The government does expect that this legislation will lead to a change in the behaviour of senior executives and the behaviour of the boardrooms of Australia. Because even though it might be said that the mechanism that has been adopted here for shareholder approval will not in itself automatically lead to complete control over these kinds of payments, the fact that approval will need to be sought will ensure that the amount of these termination payments will become publicly known and, in the course of seeking shareholder approval, discussion of the amount of these termination payments will be possible. As always with matters of this nature, as the famous United States Supreme Court judge Justice Louis Brandis once said, ‘Sunlight is the best disinfectant.’ The fact that termination payments will be exposed to public scrutiny, exposed to the scrutiny of shareholders, and that shareholder approval will need to be obtained means there is likely to be a check and some brake on these payments, which at present are not subject to any check.
Currently, there are some requirements for disclosure of the actual remuneration levels of company directors. There is some requirement for disclosure of actual remuneration levels of the five most highly paid executives of corporations but, even there, there is a doubt as to whether those disclosure requirements that have been present in the Corporations Act for many years are requirements that will lead to the disclosure of any termination payments which are the subject of this legislation.
The House should be in no doubt about the amounts of money involved. It is not necessary to name the individual directors who have received very large payments in the millions of dollars. We have heard from a number of speakers identifying particular senior company executives who have received amounts in the millions of dollars. It is better to look at this as a systemic issue, and we need go no further than an article, which appeared in last week’s Herald Sun, reporting on an assessment done by leading corporate governance adviser RiskMetrics, which revealed:
At least $62 million could have gone to shareholders rather than departing CEOs if proposed legislation curbing “golden goodbyes” had been in force.
The research by RiskMetrics also revealed:
… departing chief executives from top Australian companies cost shareholders $80 million in termination deals last year.
And further:
Fourteen CEOs from 13 companies reaped generous payouts, with the average deal worth $5.71 million—almost 1.7 times the average paid over the past three years.

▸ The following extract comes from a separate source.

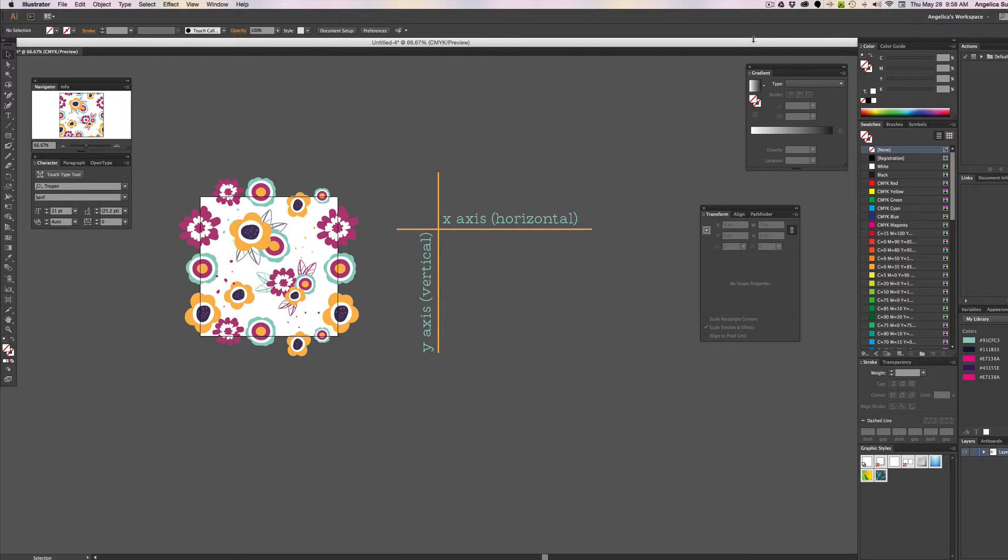Hi everyone, Angelica Suarez with Ange Suarez Creative here, and today I'm going to teach you how to create a random repeating tile in Illustrator Creative Cloud Edition. Are you ready to get started?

Eight of the CEOs received termination payments that exceeded a year’s fixed remuneration, effectively costing shareholders an extra $62 million.
It is worth quoting what Mr Martin Lawrence, head of RiskMetrics Australian and New Zealand research had to say about this very legislation which is before the House. He said:
… shareholders could have voted down the deals if proposed legislation had been in place.

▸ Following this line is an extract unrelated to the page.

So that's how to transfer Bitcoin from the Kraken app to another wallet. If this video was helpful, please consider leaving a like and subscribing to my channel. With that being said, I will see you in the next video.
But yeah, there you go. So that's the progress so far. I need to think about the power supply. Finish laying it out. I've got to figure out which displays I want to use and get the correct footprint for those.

To finish the quotation of Mr Lawrence:
One of the frustrations people have with executive contracts is that they are not drawn up in the context of deteriorating economic conditions when a lot of them are invoked …

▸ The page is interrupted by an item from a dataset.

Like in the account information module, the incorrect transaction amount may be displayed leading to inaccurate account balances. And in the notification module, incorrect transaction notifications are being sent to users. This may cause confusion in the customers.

We had the usual bizarre contribution earlier in this debate from the member for Fadden, who would have it that, in some way, this is interventionist legislation or socialist legislation, ignoring entirely that this legislation simply adds to a scheme of regulation of executive salaries, a scheme of regulation of directors’ remuneration that has been in place for many years. And the speech from the member for Fadden failed to understand that context.